A project journey is a simple and visual way to describe a project. In MindLab, we use the project journey to create a shared dialogue about a project, and we use it both for classic project evaluation, to map what is learned and to get an overview of complex organizational challenges.

Our experience is that the project journey provides a visual overview that makes it possible to spot untapped potential or contexts, we would not have seen otherwise. Often, project journeys provide us with important insights that we can use in our continued work.

The method is also suitable for facilitating a dialogue between collaborators, and it often reveals that partners have experienced a process quite differently. With a well-documented project journey, the group gets a clearer understanding of the project and gains a good opportunity to draw important lessons from the project.

Steps

  1. Print the [project journey], draw a horizontal line on a flip-over or use tape to mark a line on a table.

  2. Inputs from the involved partners. The purpose is to get the different perspectives from all partners involved in the project added in chronological order. The starting point is a horizontal timeline under which all important activities should be placed. Above the timeline you add the thoughts and reflections related to the activities.
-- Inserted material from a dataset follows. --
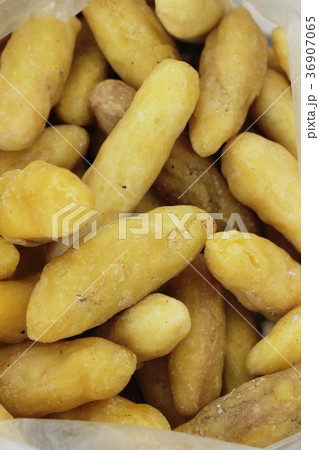 Beeswax at molding by hand is cubes. Beeswax at molding by hand is cubes. 36907065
    On post-its you note answers to the following questions, which afterwards will be organized on the timeline.

    • Key moments. The three – five moments that each participant experienced as the most important.

    • How did the project develop – walk through a more chronological sequence together. What happened specifically: proposals, meetings, reports, consultancy inputs etc. Who was involved?

  3. What were the challenges / victories along the way? Conclude by asking all participants to form an overview of the journey / process and place icons representing where they experienced it went best (hearts), where they believe further examination is needed (exclamation marks), and where it hurt (lightning). It may also be important to note the reflections in this final part.

Materials

Print template Project Journey - or use a roll of paper or a tape line on the table as a base.